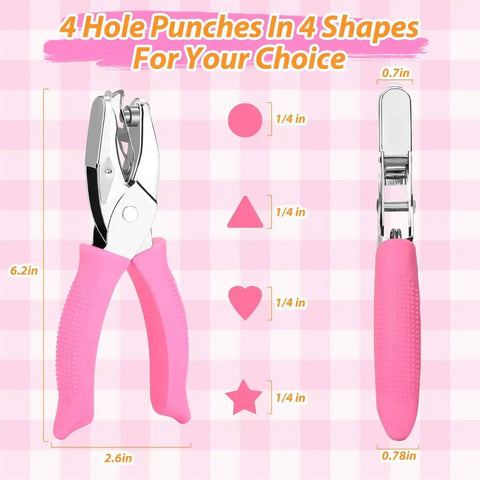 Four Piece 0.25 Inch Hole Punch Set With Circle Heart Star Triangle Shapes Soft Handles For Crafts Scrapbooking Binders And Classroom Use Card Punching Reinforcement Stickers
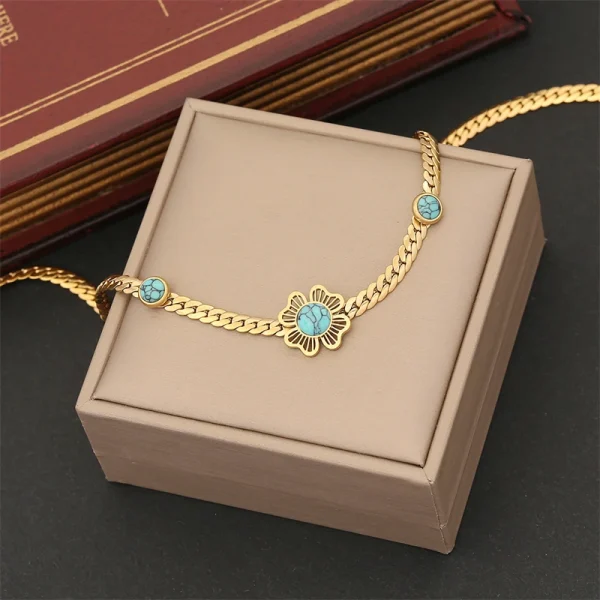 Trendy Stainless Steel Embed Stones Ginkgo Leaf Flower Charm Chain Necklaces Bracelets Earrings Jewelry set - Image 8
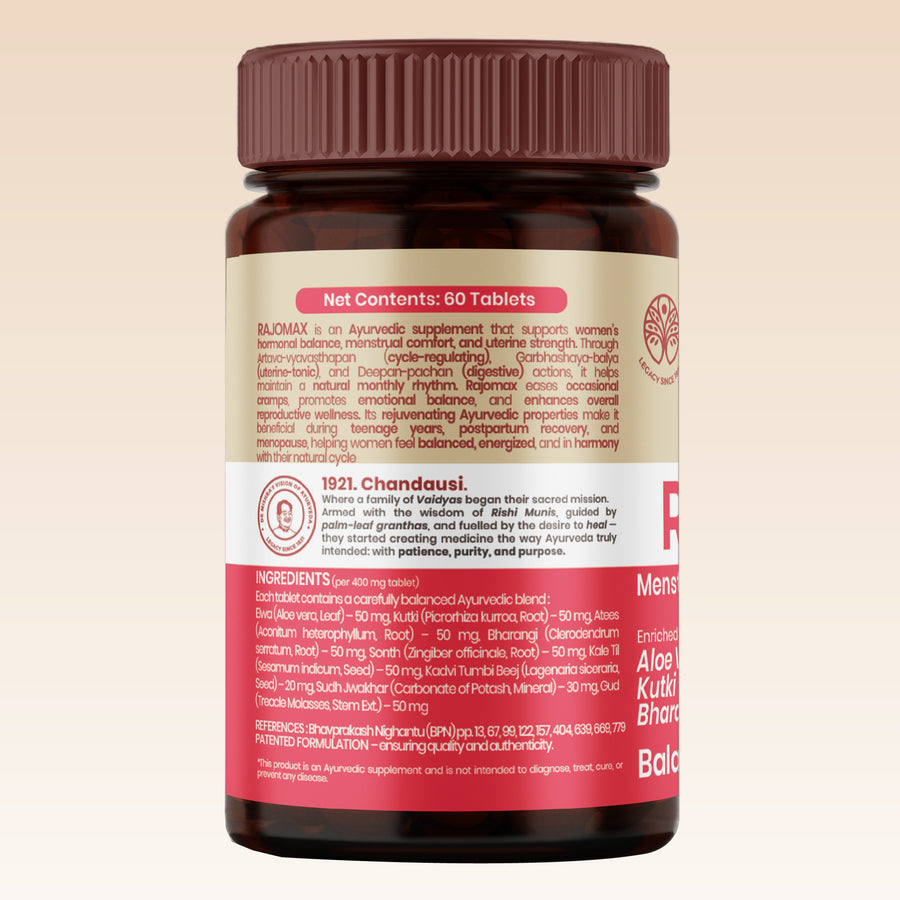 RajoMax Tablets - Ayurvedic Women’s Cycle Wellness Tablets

### What is expected:
Now write out the data word for word, skipping every picture in it.

### Output of the task:
 Four Piece 0.25 Inch Hole Punch Set With Circle Heart Star Triangle Shapes Soft Handles For Crafts Scrapbooking Binders And Classroom Use Card Punching Reinforcement Stickers
 Trendy Stainless Steel Embed Stones Ginkgo Leaf Flower Charm Chain Necklaces Bracelets Earrings Jewelry set - Image 8
 RajoMax Tablets - Ayurvedic Women’s Cycle Wellness Tablets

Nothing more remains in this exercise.